# PS4 buying advice please



## LeadFarmer (Feb 23, 2011)

Im looking at getting a PS4 in time for the new COD release, but is there any talk of Sony releasing any larger HD versions such as 1TB console anytime soon?

Cheers


----------



## tmitch45 (Jul 29, 2006)

Hi mate, I was wondering the same but more like if the larger PS4 would be out for Christmas. People on forums are also asking if the new one would have more USB's as the new one only has 2 which is rubbish.

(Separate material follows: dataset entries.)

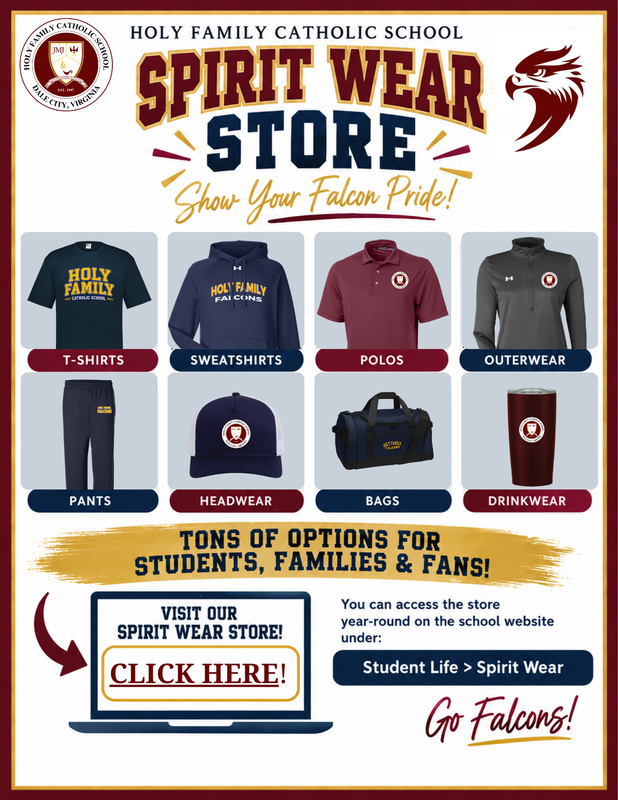 Spirit Wear Store! Featured Photo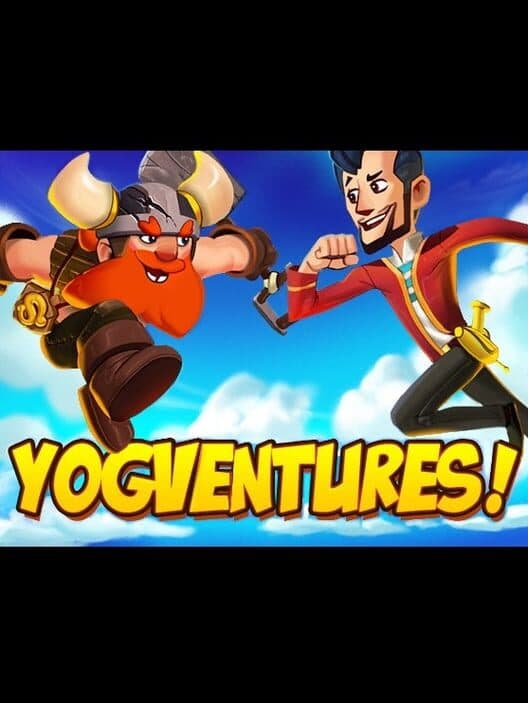 Обложка Yogventures!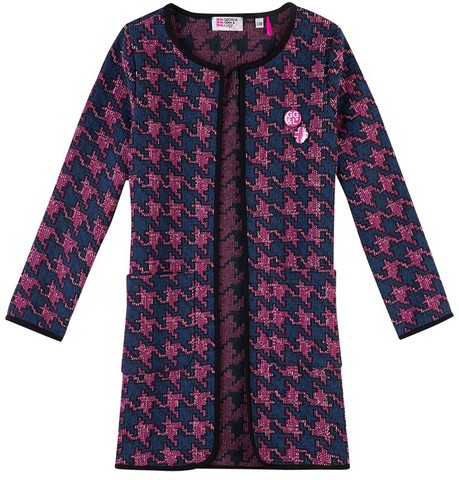 Длинный кардиган с узором GG&L by Sanetta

Back to your question, It looks like its very easy to upgrade the hard disc yourself for around £40 to 1TB see video below. It looks like the PS4 is designed so the HD can easily be accessed without the need for a screw driver until the cover is off and the HD needs to be removed. Not sure if this would alter the warranty or not??


----------



## LeadFarmer (Feb 23, 2011)

Thanks, I didn't realise it could be done on a PS4 :thumb:

I did replace the HD on my PS3 which wasn't particularly difficult to do, but did take about 24hrs to 'finalise' the new HD.

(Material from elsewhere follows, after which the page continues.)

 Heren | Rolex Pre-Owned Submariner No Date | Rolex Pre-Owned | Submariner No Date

(PS, I'm off to Expressbifolddoors in Leeds tomorrow to look at their doors :thumb


----------



## tmitch45 (Jul 29, 2006)

Nice one mate! Incidentally me and the wife were talking today about our glass roof and bi-folds from express as we drove past one of there lower quality rivals and we both agreed we had paid top dollar but also said we were so so happy with them and would use them again in a heart beat. Trust me I've had lots of trades people working for us recently and these I happy but also sad to say were one of few companies we have had no issues with at all! Good luck and remember don't be put off by their first quote, If they can see you are serious there is at least £500 to £900 to be haggled off the price!


----------



## BigJimmyBovine (Jan 23, 2012)

Warranty is not affected by an HD replacement. If you have loads of money to throw at it you can even fit an SSD.


----------



## Kerr (Mar 27, 2012)

What's the best prices for a PS4 or Xbox these days?

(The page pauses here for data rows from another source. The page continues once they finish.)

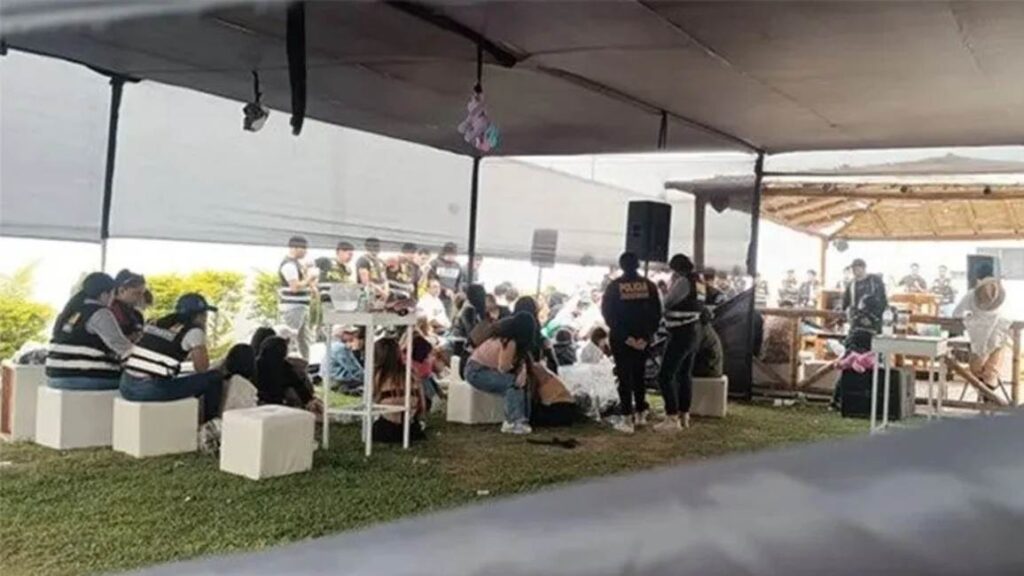 Acusan a venezolano de organizar fiestas para bandas criminales (DETALLES)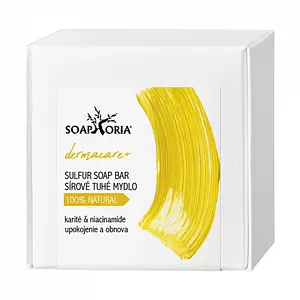 Soaphoria Dermacare+ Sulphur Soap Bar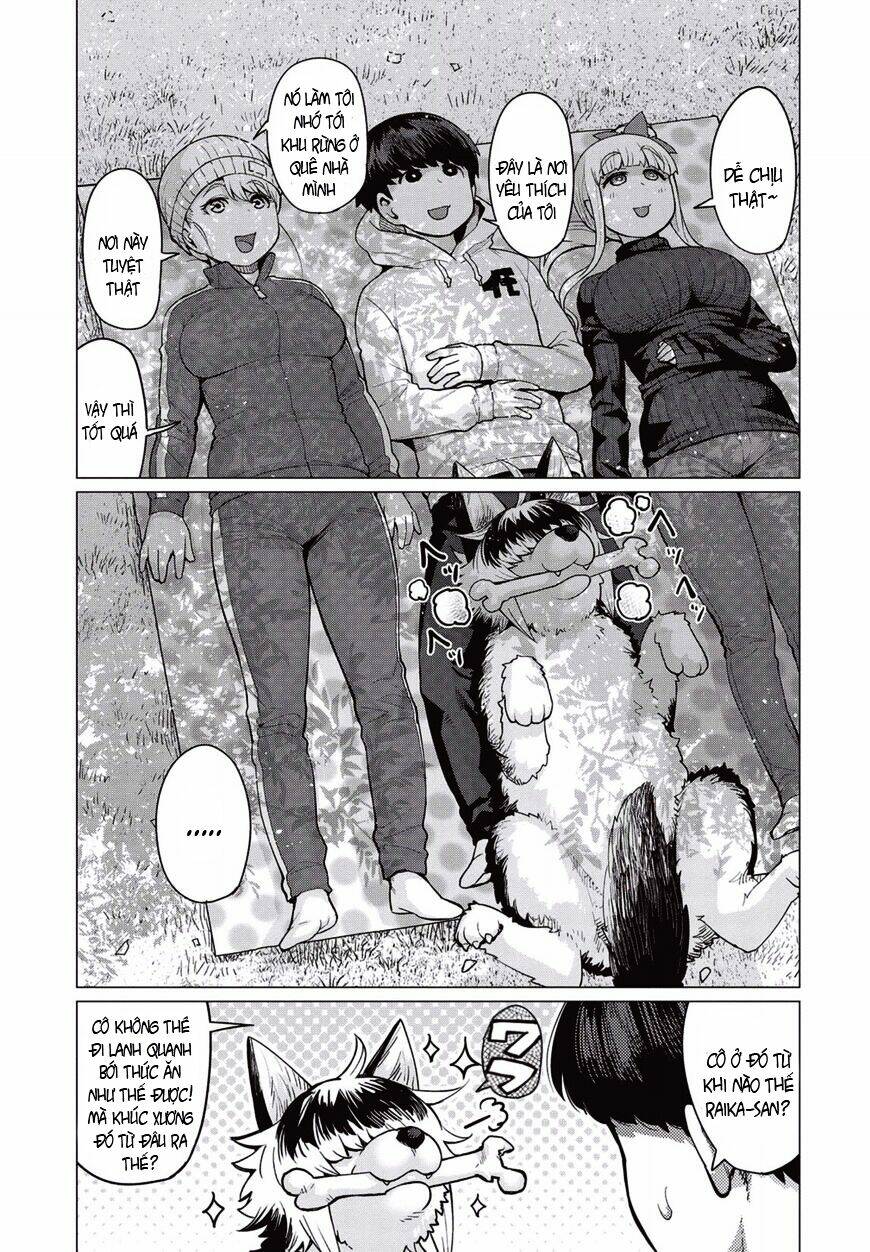 Elf-San Wa Yaserarenai Chương 12 Ảnh 14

Do they still often have a price dip prior to Christmas?


----------



## BigJimmyBovine (Jan 23, 2012)

Xbox price has just dipped below the PS4 to try and catch up sales wise. 

Think both, especially the PS4, are selling well as currently priced so will be interesting to see if there are any Christmas reductions to be had. Games are expensive though.


----------



## LeadFarmer (Feb 23, 2011)

£329 seems to be about the going price for PS4 console only, then there are the bundle deals. But adding a 2nd controller bumps the price up. Game are selling a bundle with Fifa 15, Last of Us & 12 month PS+ for £389

Anyone know if a subscription to Playstation+ a necessary purchase?


----------



## BigJimmyBovine (Jan 23, 2012)

Not a necessary at all, I bought mine in 3 month blocks for £13 but it's cheaper to buy a year. I'm not sure if all games need it for online but I had it for Battlefield 4 and let it lapse when I went on holiday a couple of months back, then my mates moved onto Destiny which doesn't appeal to me so stopped playing online.

On the PS3 it used to let you scheduled update downloads for night time so you didn't need to wait for games to patch but I'm not sure if the PS4 does that anyway, if you're not playing online you can download while you play anyway and apply later.
All the demos in the store are free but with plus you get a couple of free cheapo games a month to download, playable as long as you have a PS+ subscription. If you have a PS3 or Vita you get a couple of games a month on those too. 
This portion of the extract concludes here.